GIVEN DATA
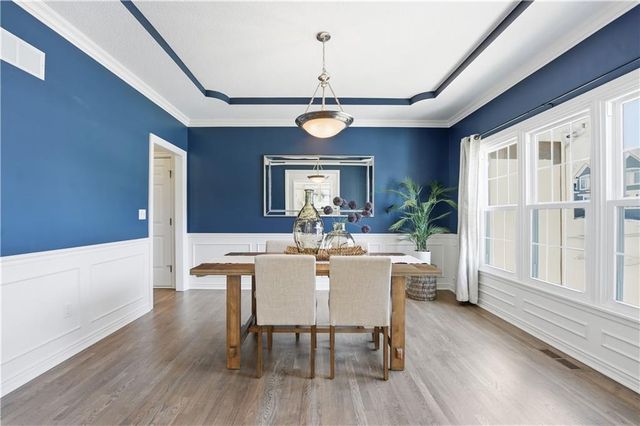 3916 SW Granite Lane, Lee's Summit, MO 64082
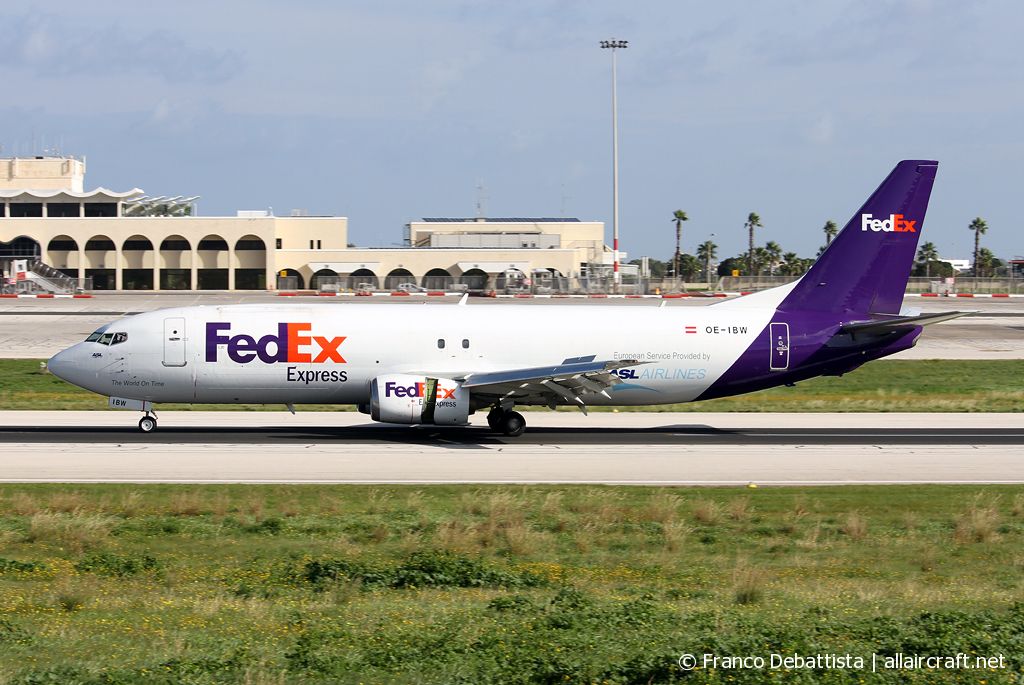 OE-IBW (25109) 1993 Boeing 737-4Q8(SF)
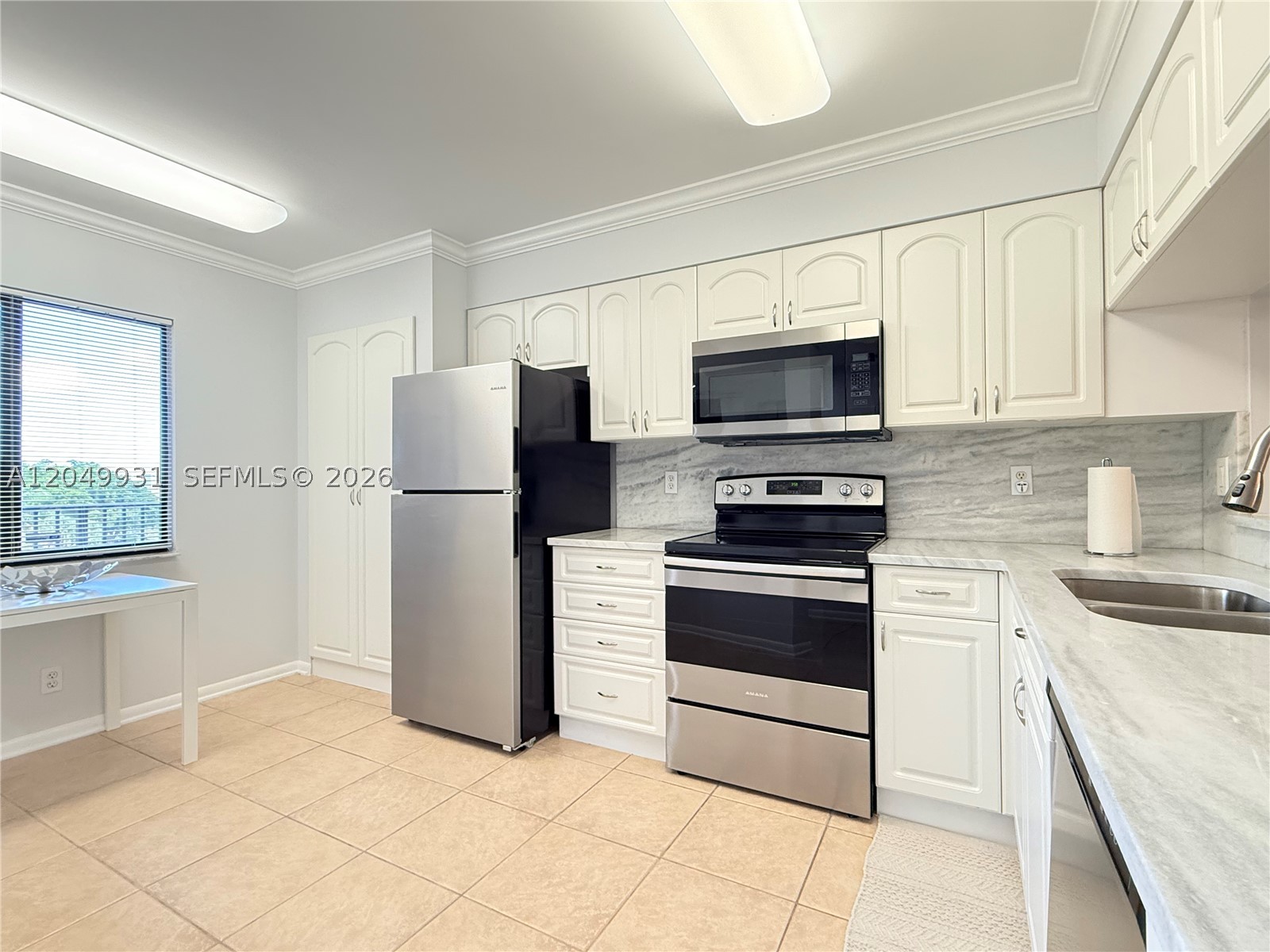 2206 S Cypress Bend Dr 508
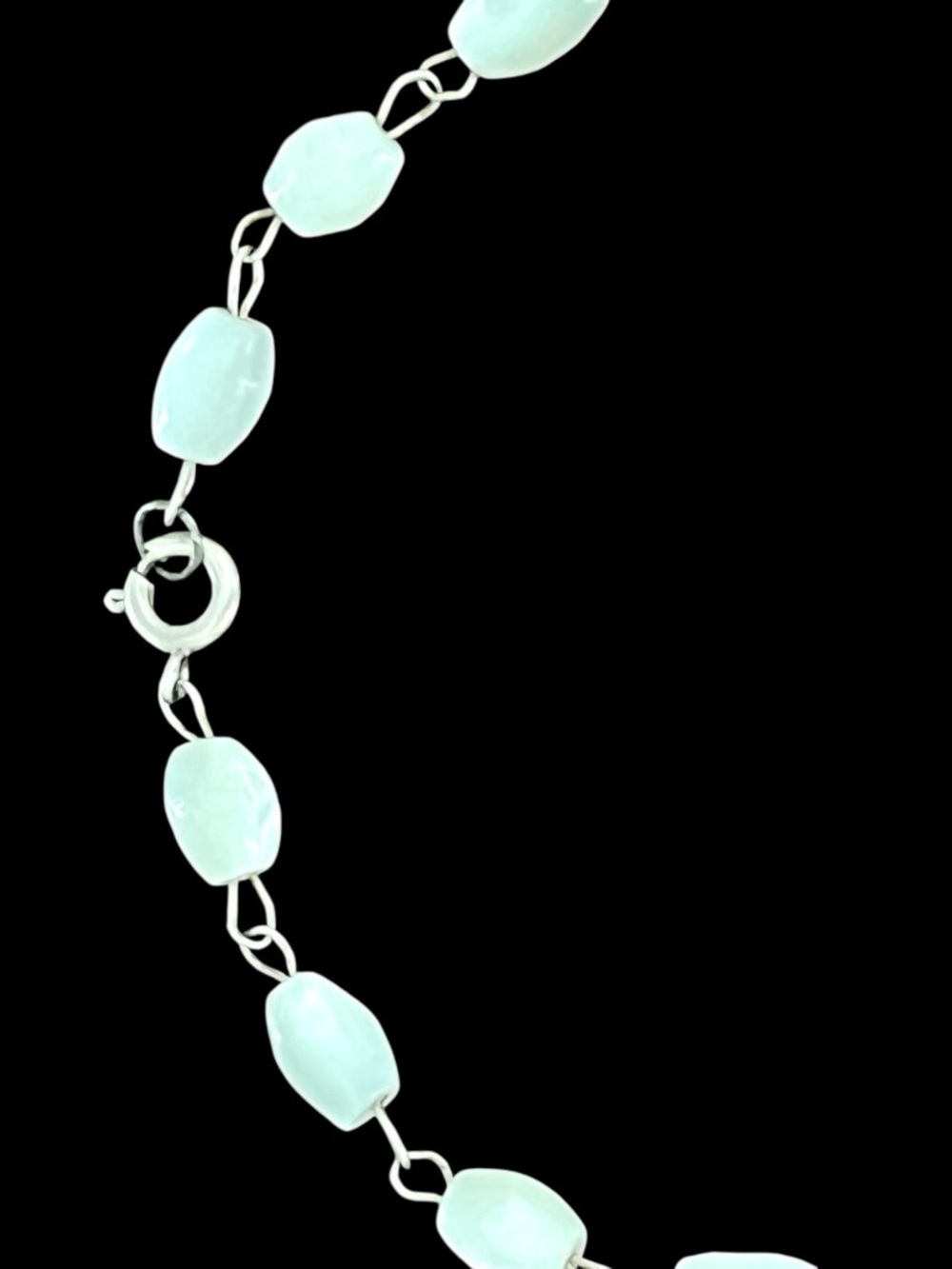 Vintage Mother of Pearl Beaded Necklace With Hand Carved Star of David - Picture 4 of 15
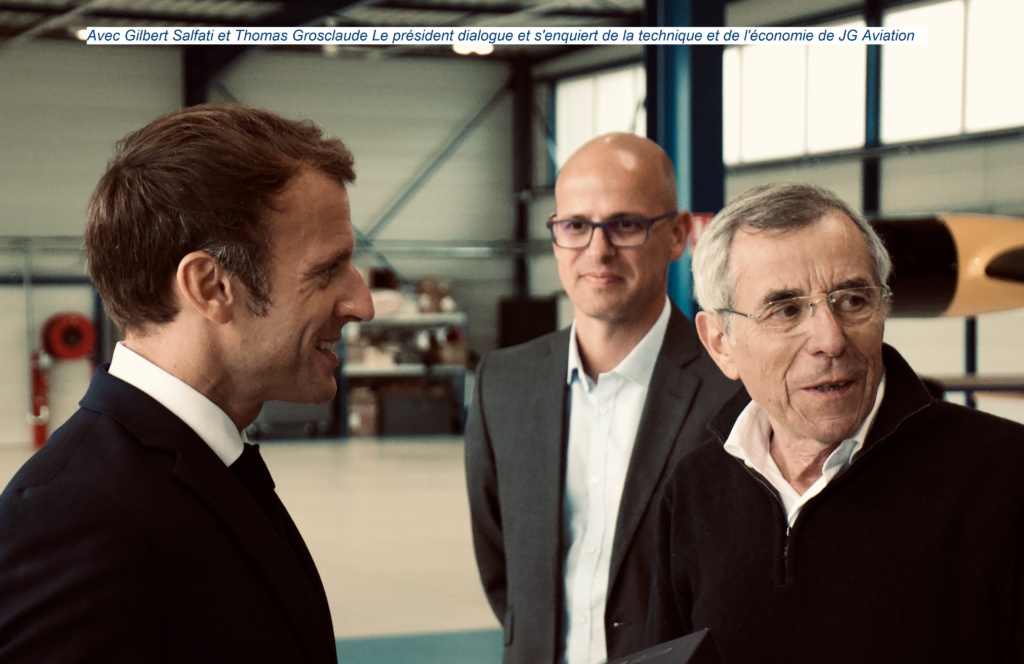 Avec Gilbert Salfati et Thomas Grosclaude le Président dialogue et s'enquiert de la technique et de l'économie de JG Aviation 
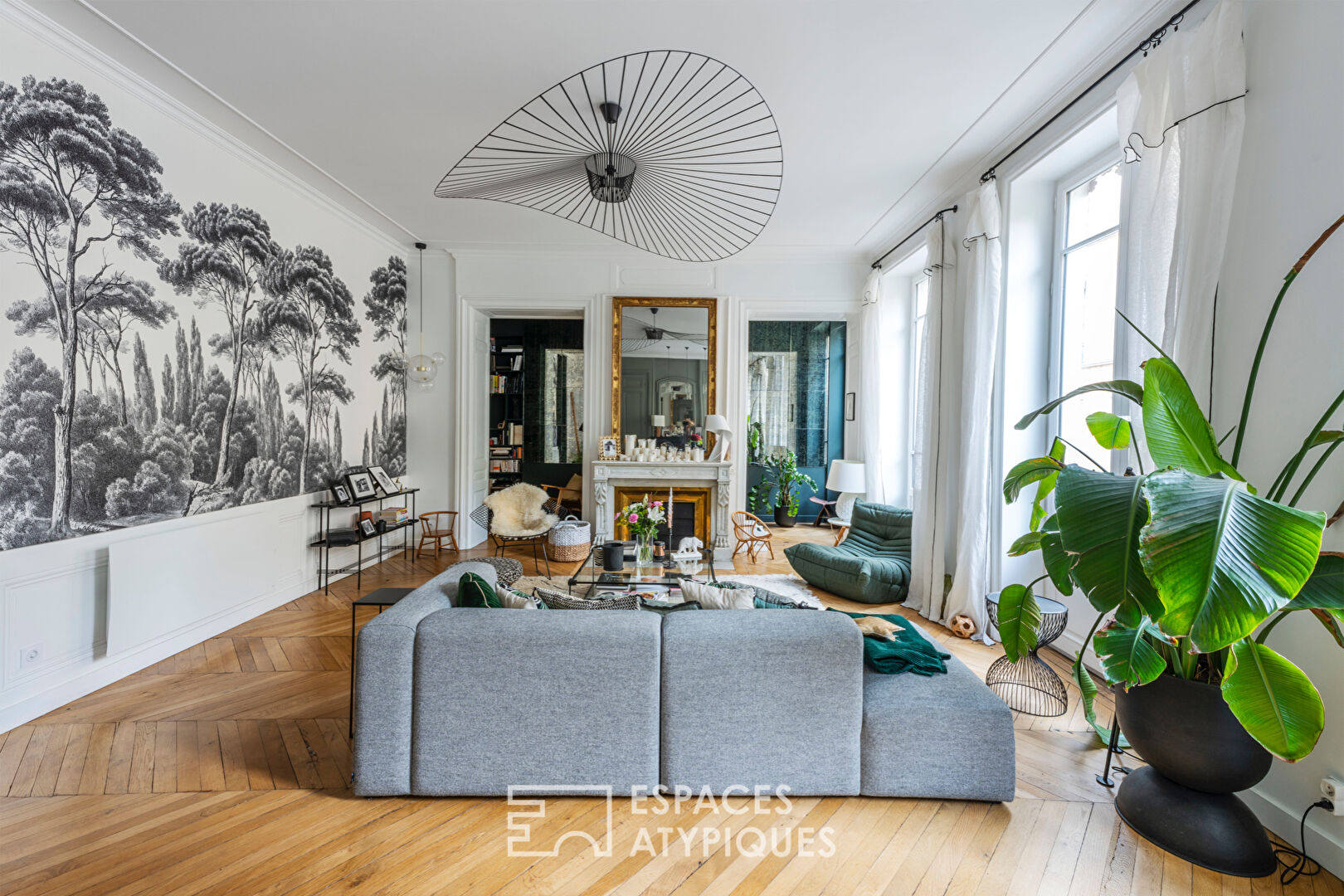 Haussmannian apartment with contemporary decoration
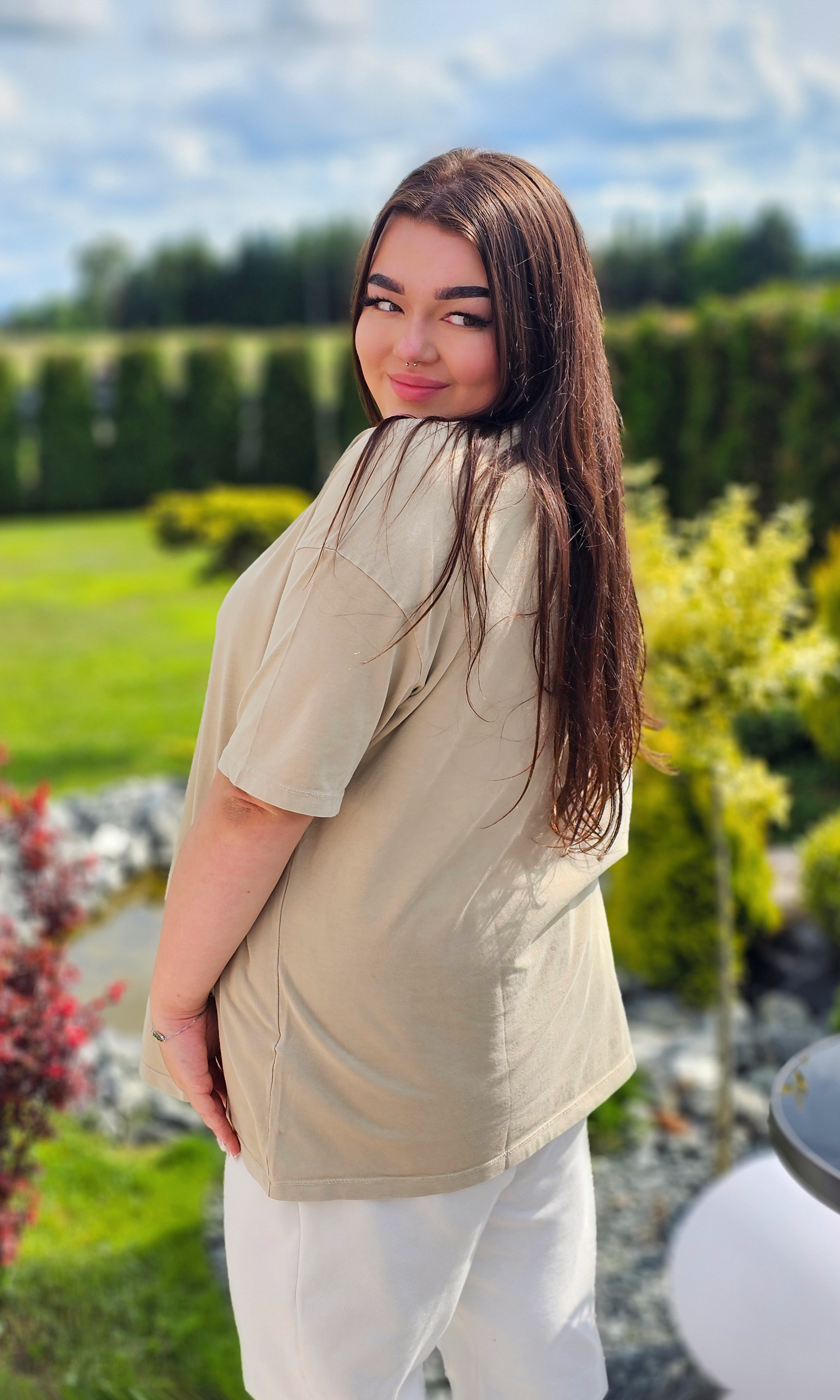 Beżowa koszulka z grafiką „Los Angeles” Stylowa XL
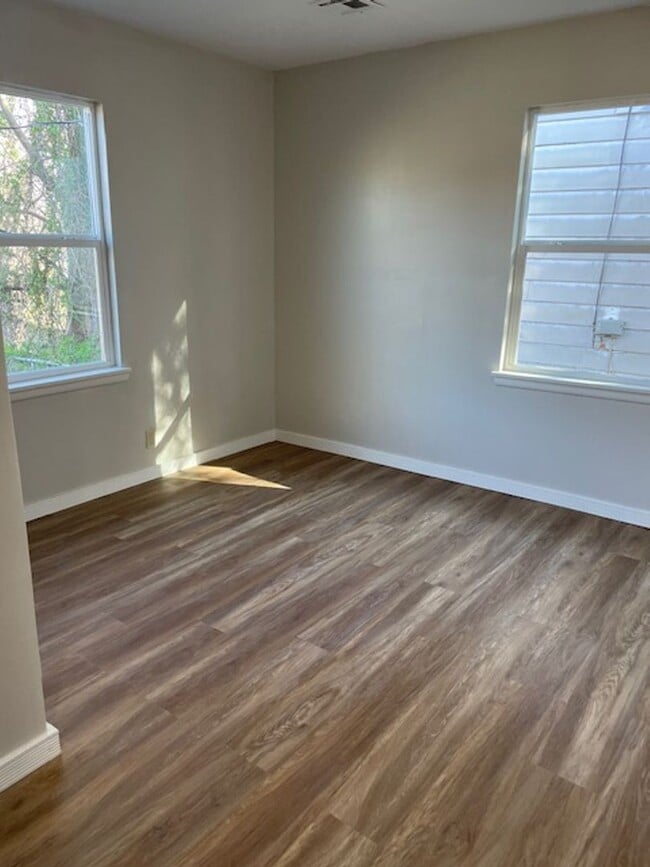 Building Photo - 1648 S Maple Ave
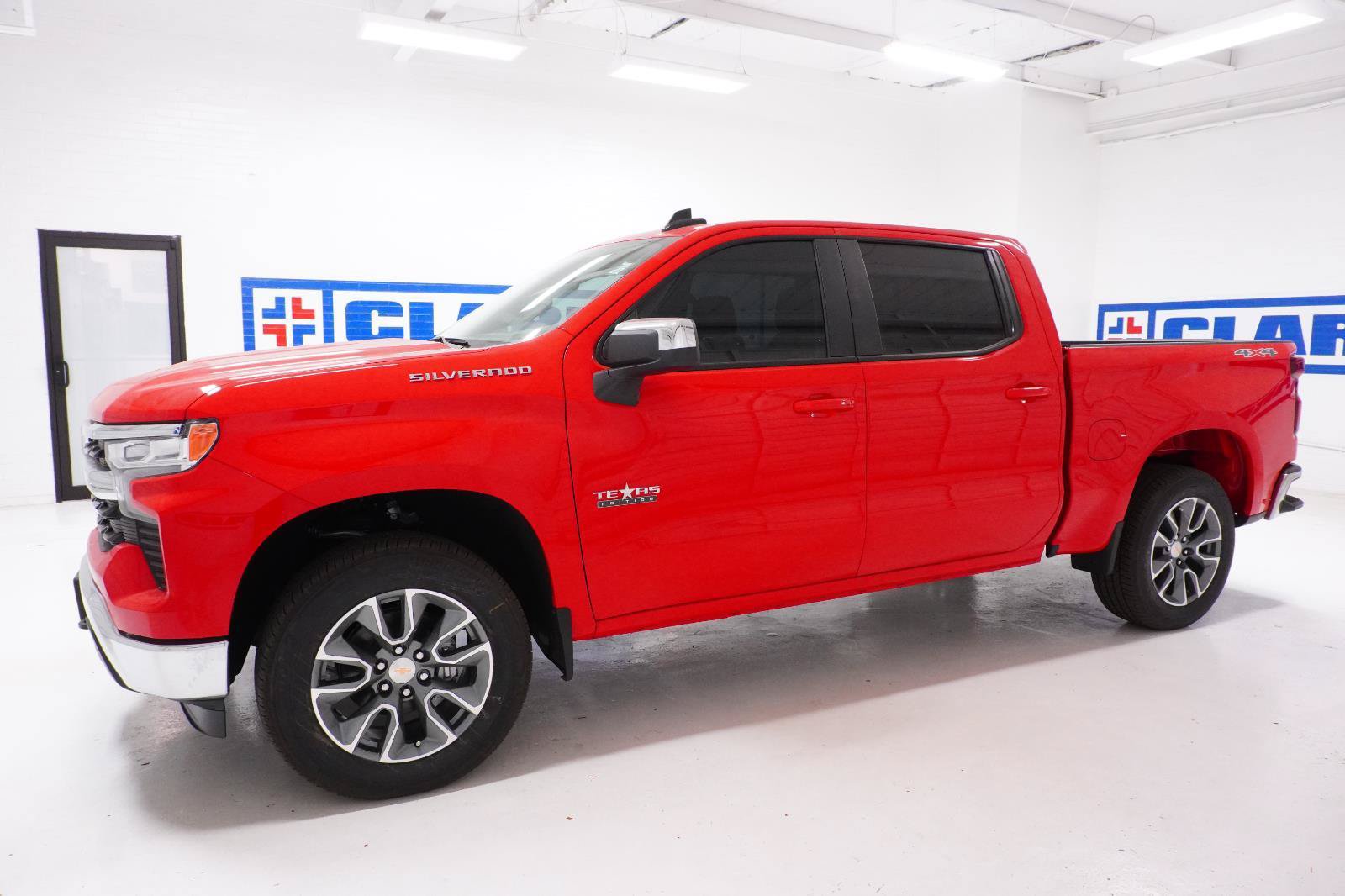 New 2026 Chevrolet Silverado 1500 LT w/ Texas Edition Plus AWD/4WD image 8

AIM OF THE TASK
Would you please repeat the lines above exactly, from the first line of the listing through the line holding "Vintage Mother of", with nothing added and no pictures?

ANSWER BELOW
 3916 SW Granite Lane, Lee's Summit, MO 64082
 OE-IBW (25109) 1993 Boeing 737-4Q8(SF)
 2206 S Cypress Bend Dr 508
 Vintage Mother of Pearl Beaded Necklace With Hand Carved Star of David - Picture 4 of 15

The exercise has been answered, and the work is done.